O veredicto de terça-feira do Supremo Tribunal britânico, que anulou a decisão do Governo de suspender o Parlamento durante cinco semanas, forçou Boris Johnson a mudar de planos, se quiser cumprir o “Brexit” a tempo e horas – 31 de Outubro. De regresso à Câmara dos Comuns, esta quarta-feira, para uma sessão plenária explosiva e atribulada, o primeiro-ministro conservador fez um desafio à oposição, que seria insólito, se o Reino Unido não estivesse a viver tempos extraordinários: apresentem uma moção de censura para derrubar o Governo e aceitem eleições antecipadas.

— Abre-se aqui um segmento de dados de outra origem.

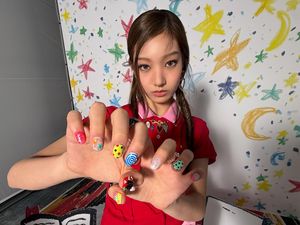 Member Girlband Baru HYBE Ini Ternyata Adik Jihyo TWICE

“Se o partido da oposição não confia no Governo, tem a hipótese de o provar. Têm a oportunidade de apresentar uma moção de censura e podemos votá-la já amanhã [quinta-feira]”, desafiou Johnson, numa intervenção duríssima, na qual acusou a oposição de “cobardia”, de ter “fugido para os tribunais”, em vez de aceitar eleições e de querer “trair a vontade do povo britânico”. “Será que têm coragem?”, questionou.

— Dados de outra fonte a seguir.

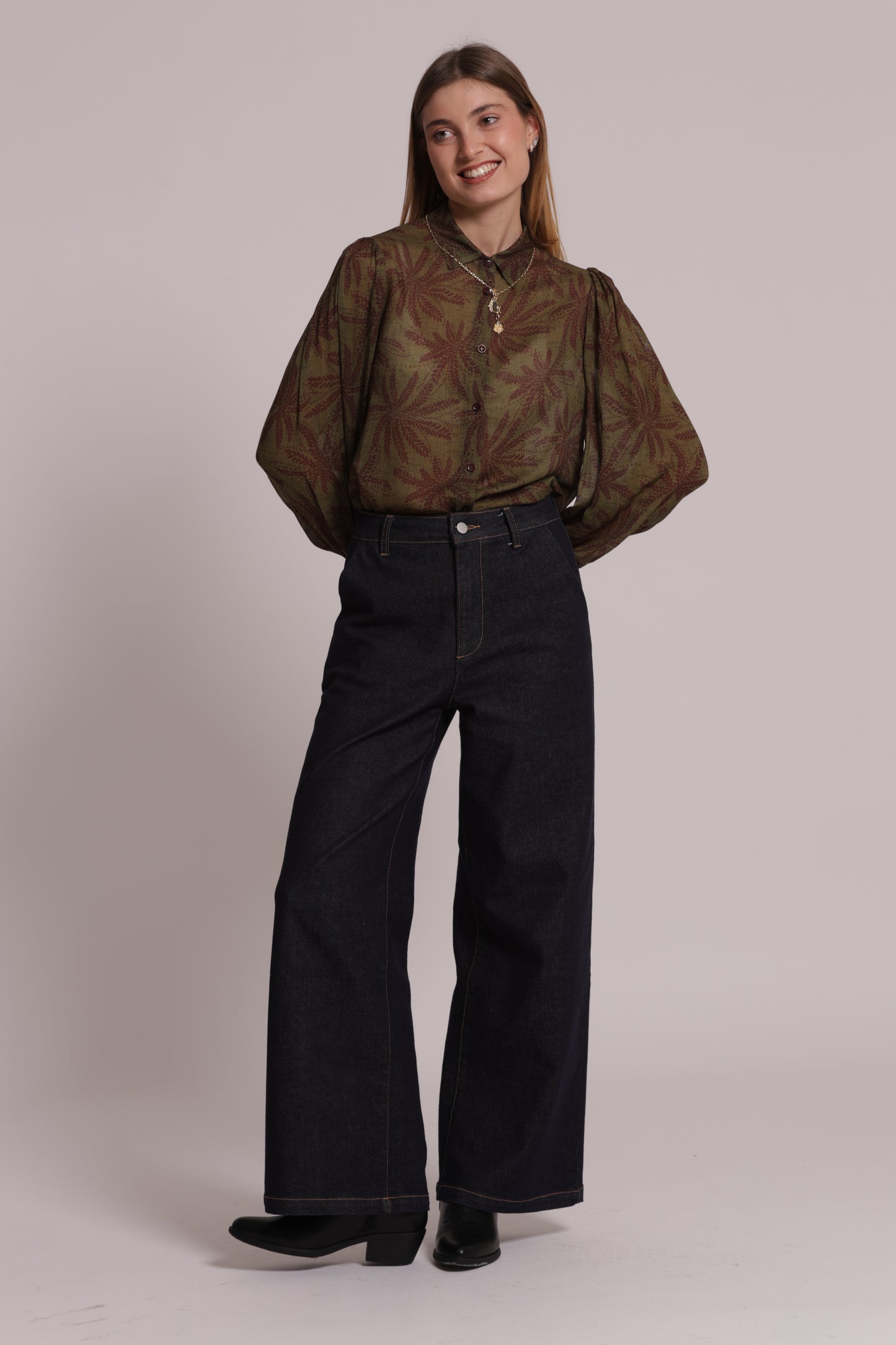 JEANS A PALAZZO CON TASCHE OBLIQUE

A proposta parece bizarra, mas encaixa perfeitamente na estratégia do executivo tory para convocar eleições e as transformar num autêntico referendo à saída do Reino Unido da União Europeia. De acordo com a legislação britânica, o Governo necessita de uma maioria de dois terços dos deputados para marcar uma nova votação. Sem maioria na Câmara dos Comuns e depois de chumbada, por duas vezes, essa proposta, Johnson vira-se para a moção de censura como uma potencial tábua de salvação.

Se a vencer – só precisa de maioria simples –, ganha novo fôlego para prosseguir as negociações com Bruxelas, tendo em vista a renegociação do acordo do “Brexit” – a grande prioridade do Governo, assegura Johnson. Se a perder, atira a pressão para cima dos ombros do Partido Trabalhista, que terá 14 dias para formar um executivo apoiado pelos restantes partidos da oposição, se quiser evitar o agendamento automático de eleições.

Mesmo que o resultado dessa solução passe por entregar as chaves do número 10 de Downing Street a Corbyn, Johnson evita a humilhação de ter de se contradizer e pedir à UE novo adiamento do “Brexit”. Deixa esse trabalho ingrato para o líder trabalhista, ou qualquer outro que o queira fazer, e aposta tudo numa eleição que Corbyn já disse também querer e que só não a convoca já porque prefere primeiro excluir um cenário de no-deal.

“Se [Johnson] quer uma eleição, que peça um adiamento [do ‘Brexit’] e vamos a isso”, respondeu Corbyn, depois de acusar Johnson de ser um “primeiro-ministro perigoso que julga estar acima da lei”.

Oposição movimenta-se

O discurso enérgico do primeiro-ministro foi precedido por uma outra intervenção impetuosa, vinda da bancada do Governo e protagonizada por Geoffrey Cox. Depois de garantir que o executivo conservador agiu “de boa-fé” quando decretou a suspensão do Parlamento, o procurador-geral questionou a legitimidade da oposição – e da própria câmara – para se voltar a reunir, face aos obstáculos que tem levantado para impedir o Governo de cumprir o “Brexit” e à sua indisponibilidade para autorizar a realização de eleições antecipadas.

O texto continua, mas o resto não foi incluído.